I do tell them there are private enterprises that use brain imaging more as a clinical gestalt tool because most of their data have not been published and have not been rigorously analyzed to figure out what are signs associated with specific diagnoses or specific treatment response. A clinician involved in such enterprises might see that the last five people treated with a certain medication who had a certain symptom complex did really well on a specific drug. The clinician will then continue that drug. It is almost as if they are using this tool in the same manner, saying, “The last five people we saw with this brain pattern responded well to this medication profile, so we will use this.” Some have received positive results but some have not. I just caution them to be completely aware of the possible pitfalls of that approach.

That is all a long-winded way to say that we really have no idea or evidence that these things work at all. I do not recommend obtaining brain imaging for diagnostic purposes at this time, but it is an excellent research tool, and we are getting close to making it useful clinically.  PP

 

References

1.    Diagnostic and Statistical Manual of Mental Disorders. 4th ed. Washington, DC: American Psychiatric Association; 1994.
2.    Moreno C, Laje G, Blanco C, Jiang H, Schmidt AB, Olfson M. National trends in the outpatient diagnosis and treatment of bipolar disorder in youth.

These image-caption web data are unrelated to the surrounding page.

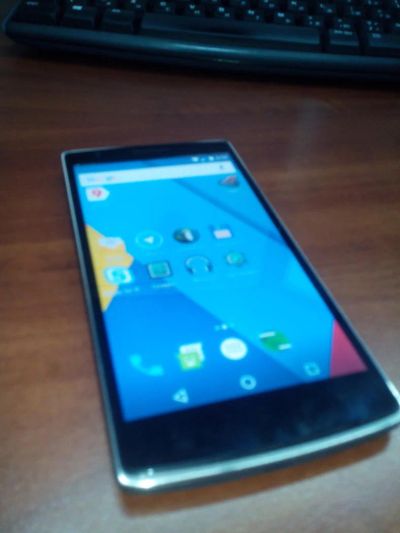 Лот: 6689470. Фото: 1. OnePlus One 16GB. Смартфоны
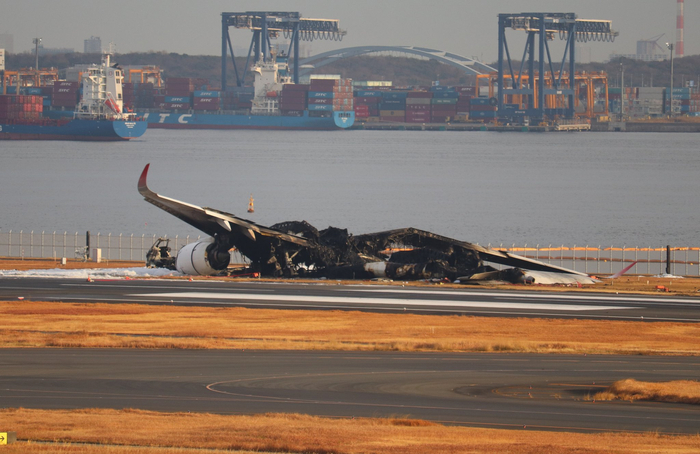 日本航空一架a350客机与海上保安厅飞机相撞
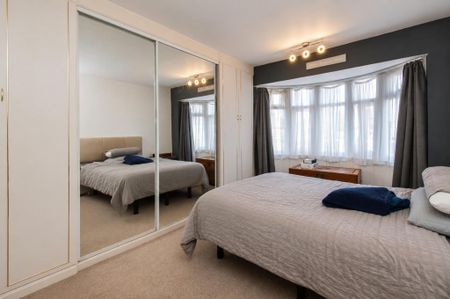 3 bed House - Semi-Detached To Let - Photo 2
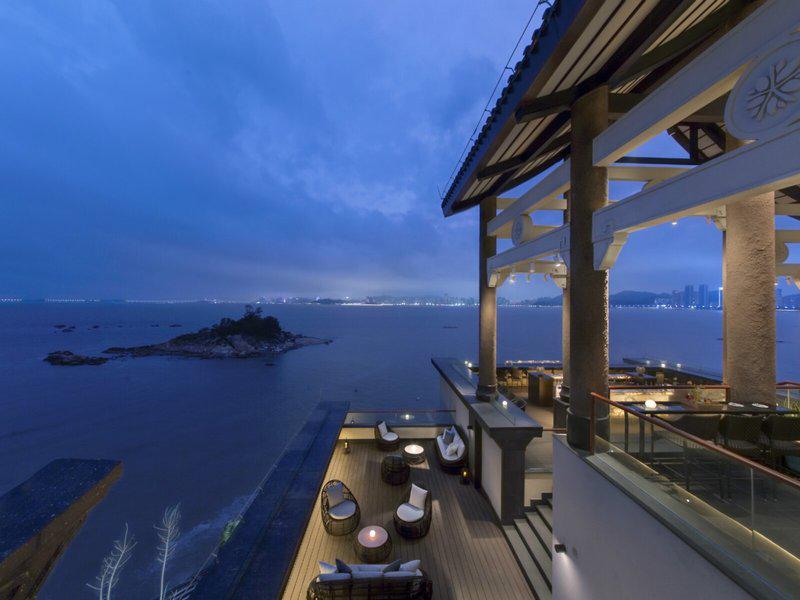 D9AC32EE732F1D12DD1E89B3DB74E45B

Arch Gen Psychiatry. 2007;64(9):1032-1039.
3.    Birmaher B, Axelson D, Goldstein B, et al. Four-year longitudinal course of children and adolescents with bipolar spectrum disorders: the Course and Outcome of Bipolar Youth (COBY) study. Am J Psychiatry. 2009;166(7):795-804.
4.    Tillman R, Geller B. Controlled study of switching from attention-deficit/hyperactivity disorder to a prepubertal and early adolescent bipolar I disorder phenotype during 6-year prospective follow-up: rate, risk, and predictors. Dev Psychopathol. 2006;18(4):1037-1053.